* [EXERCISE GOAL]: Every entry has to be output exactly, with none skipped.
____________
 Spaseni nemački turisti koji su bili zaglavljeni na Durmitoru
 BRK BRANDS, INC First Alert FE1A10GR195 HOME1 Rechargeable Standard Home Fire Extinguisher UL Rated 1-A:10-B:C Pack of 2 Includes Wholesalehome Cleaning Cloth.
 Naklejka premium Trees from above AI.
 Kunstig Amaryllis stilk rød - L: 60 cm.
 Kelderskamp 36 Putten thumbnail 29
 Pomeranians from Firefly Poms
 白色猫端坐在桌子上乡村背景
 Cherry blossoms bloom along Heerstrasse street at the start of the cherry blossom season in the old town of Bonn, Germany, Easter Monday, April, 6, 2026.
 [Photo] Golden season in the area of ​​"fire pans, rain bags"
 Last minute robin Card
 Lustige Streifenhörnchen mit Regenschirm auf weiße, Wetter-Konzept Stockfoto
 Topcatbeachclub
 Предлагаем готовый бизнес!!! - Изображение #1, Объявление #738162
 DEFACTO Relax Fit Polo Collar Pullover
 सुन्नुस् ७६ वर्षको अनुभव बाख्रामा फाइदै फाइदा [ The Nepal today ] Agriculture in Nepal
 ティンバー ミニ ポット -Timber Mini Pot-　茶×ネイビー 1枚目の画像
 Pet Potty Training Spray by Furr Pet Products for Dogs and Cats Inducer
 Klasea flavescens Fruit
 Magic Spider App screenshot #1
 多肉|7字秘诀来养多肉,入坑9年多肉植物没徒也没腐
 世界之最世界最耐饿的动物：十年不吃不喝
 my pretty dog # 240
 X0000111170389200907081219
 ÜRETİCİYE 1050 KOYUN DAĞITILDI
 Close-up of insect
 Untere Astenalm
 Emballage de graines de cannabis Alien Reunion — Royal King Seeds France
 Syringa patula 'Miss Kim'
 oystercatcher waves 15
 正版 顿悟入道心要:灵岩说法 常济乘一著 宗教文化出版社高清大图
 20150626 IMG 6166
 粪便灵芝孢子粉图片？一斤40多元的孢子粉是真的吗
____________
* [RESPONSE]:
 Spaseni nemački turisti koji su bili zaglavljeni na Durmitoru
 BRK BRANDS, INC First Alert FE1A10GR195 HOME1 Rechargeable Standard Home Fire Extinguisher UL Rated 1-A:10-B:C Pack of 2 Includes Wholesalehome Cleaning Cloth.
 Naklejka premium Trees from above AI.
 Kunstig Amaryllis stilk rød - L: 60 cm.
 Kelderskamp 36 Putten thumbnail 29
 Pomeranians from Firefly Poms
 白色猫端坐在桌子上乡村背景
 Cherry blossoms bloom along Heerstrasse street at the start of the cherry blossom season in the old town of Bonn, Germany, Easter Monday, April, 6, 2026.
 [Photo] Golden season in the area of ​​"fire pans, rain bags"
 Last minute robin Card
 Lustige Streifenhörnchen mit Regenschirm auf weiße, Wetter-Konzept Stockfoto
 Topcatbeachclub
 Предлагаем готовый бизнес!!! - Изображение #1, Объявление #738162
 DEFACTO Relax Fit Polo Collar Pullover
 सुन्नुस् ७६ वर्षको अनुभव बाख्रामा फाइदै फाइदा [ The Nepal today ] Agriculture in Nepal
 ティンバー ミニ ポット -Timber Mini Pot-　茶×ネイビー 1枚目の画像
 Pet Potty Training Spray by Furr Pet Products for Dogs and Cats Inducer
 Klasea flavescens Fruit
 Magic Spider App screenshot #1
 多肉|7字秘诀来养多肉,入坑9年多肉植物没徒也没腐
 世界之最世界最耐饿的动物：十年不吃不喝
 my pretty dog # 240
 X0000111170389200907081219
 ÜRETİCİYE 1050 KOYUN DAĞITILDI
 Close-up of insect
 Untere Astenalm
 Emballage de graines de cannabis Alien Reunion — Royal King Seeds France
 Syringa patula 'Miss Kim'
 oystercatcher waves 15
 正版 顿悟入道心要:灵岩说法 常济乘一著 宗教文化出版社高清大图
 20150626 IMG 6166
 粪便灵芝孢子粉图片？一斤40多元的孢子粉是真的吗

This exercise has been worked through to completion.